Saturday, July 23, 2022



You think it's easy writing a blog post ever other day, not to mention writing a major homily every weekend?
This is an actual video of me, losing it while composing a blog post!


Composing blog posts and writing homilies are two of my favorite things to do! 

Thursday, July 21, 2022



What care I for the number of your sacrifices? says the Lord. I have had enough of whole-burnt rams and fat of fatlings; In the blood of calves, lambs and goats I find no pleasure. Make justice your aim: redress the wronged, hear the orphan’s plea, defend the widow.

Isaiah 1:10-17

The prophet Isaiah is on a tear in our first reading. He portrays God as fed up with multiple tedious religious practices that have little to do with promoting justice and righting wrongs. It bemoans the fact that religious leaders have gone overboard in their religious practices while neglecting their responsibilities to the human community.

This is a good reading on the feast of St. Benedict (July 11) who was famous for introducing “the sane center” into monasticism. Until his time monasticism was known for its full-time fanatic religious practices in which some monks were engaged. I remember hearing about Simon Stylites who was a Syrian Christian ascetic who achieved notability by living 37 years on a small platform on top of a pillar. Several others later followed his model of spirituality. Benedict’s monasticism became known, even to this day, for its balance – expressed so notably in the Benedictine motto “ora et labora,” “prayer and work.”

The idea of balance in religion and politics, rather than fanaticism, is so much needed in our church and country. Personally, I am more than tired of all the extremists in politics and the Church. Instead of each side acknowledging that the other side has something to say, it seems both sides have dug their heels in with a “my way or the highway” attitude.
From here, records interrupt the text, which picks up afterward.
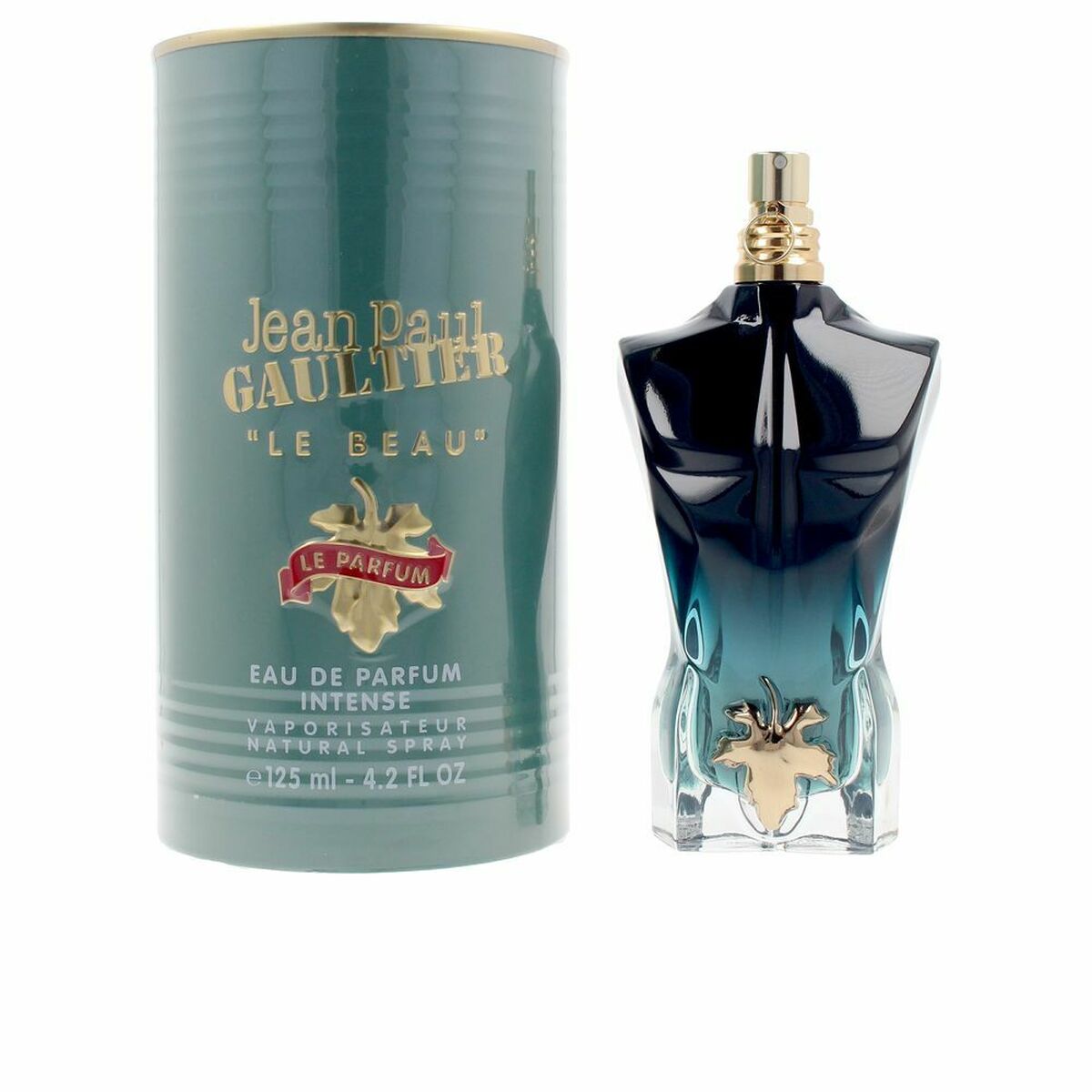 Herenparfum Jean Paul Gaultier Le Beau EDP 125 ml - Schoonheid, Parfums en geuren - Jean Paul Gaultier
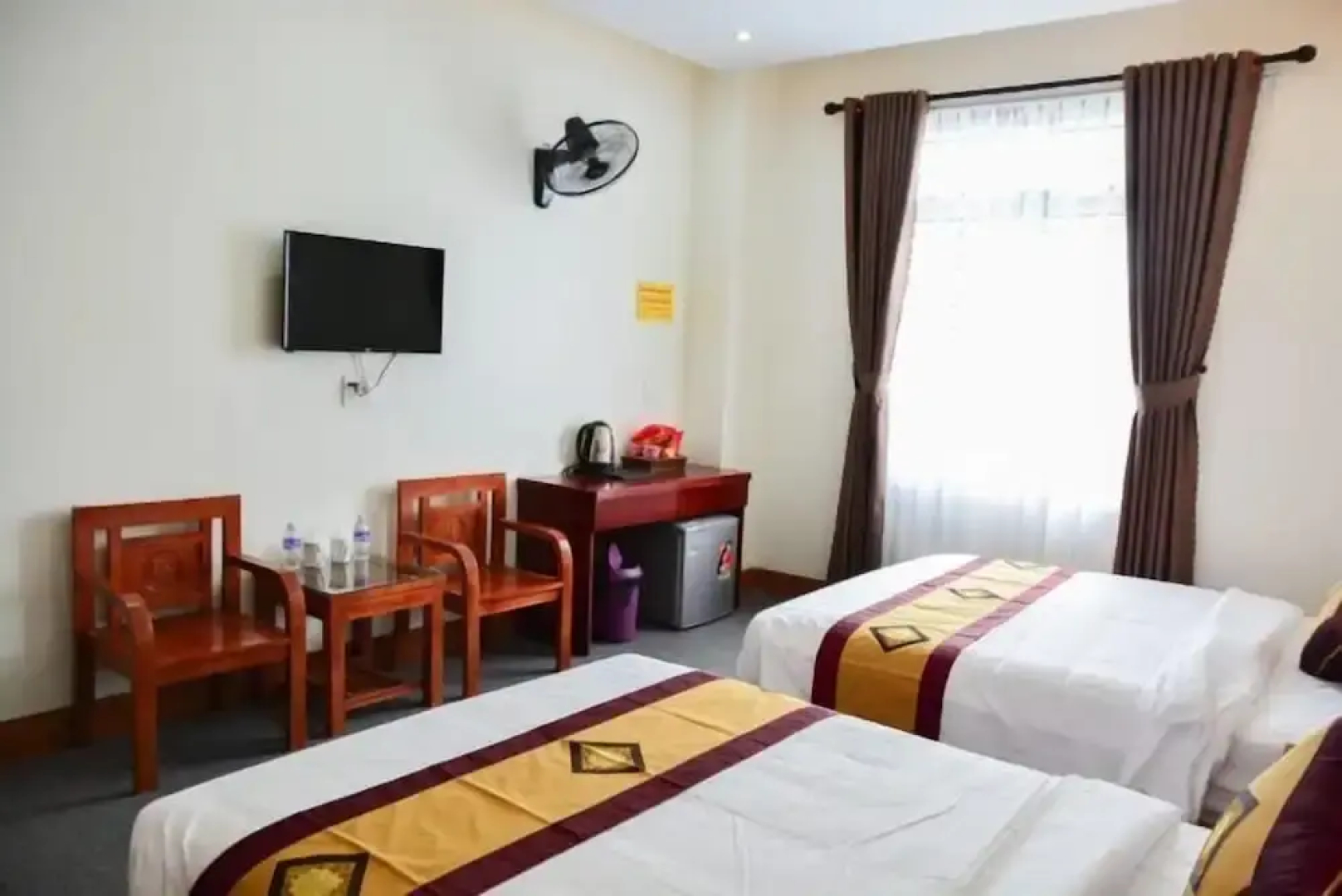 Manh Tuan Hotel Moc Chau - by BAY LUXURY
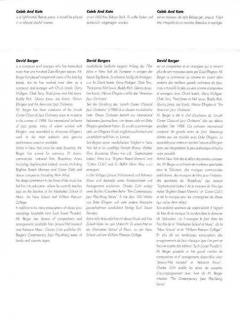 Caleb and Kate von David Berger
In politics, one party champions individual responsibility, while the other party champions communal responsibility. While these divergent views serve to complete each other, you would think it was merely a matter of one or the other. We do need to teach personal responsibility, but we also have social and communal responsibilities.

In the Church, one extreme emphasizes our past so much that you would think God quit being active in the world in 1950s, while the other extreme emphasizes today so much that you would think we have no history.

When we were renovating our Cathedral in the 1980s, I remember being pulled in two directions. We had one group who wanted to “put it back like it was,” while another group wanted another modern renovation. The “put it back like it was” people wanted to pretend that we had no future, while the “another modern renovation” people wanted to pretend we had no history. What we did was to ignore the extremists at both ends and choose “the sane center.” We chose as our mantra words from the Gospel of Matthew (13:52): "like a householder who brings forth from his storeroom things both new and old." We wove together the best of the old and the best of the new.

Today in politics, both in our country and in the church, it seems that both extremes are “tempted to subordinate an even-handed concern for the truth to the demands of a party spirit in which every action and statement is evaluated according to whether it supports one cause or the other. Opposed parties seek to discredit their opponents, often by acrimonious attacks that are uncharitable and even unjust.” (Cardinal Avery Dulles SJ)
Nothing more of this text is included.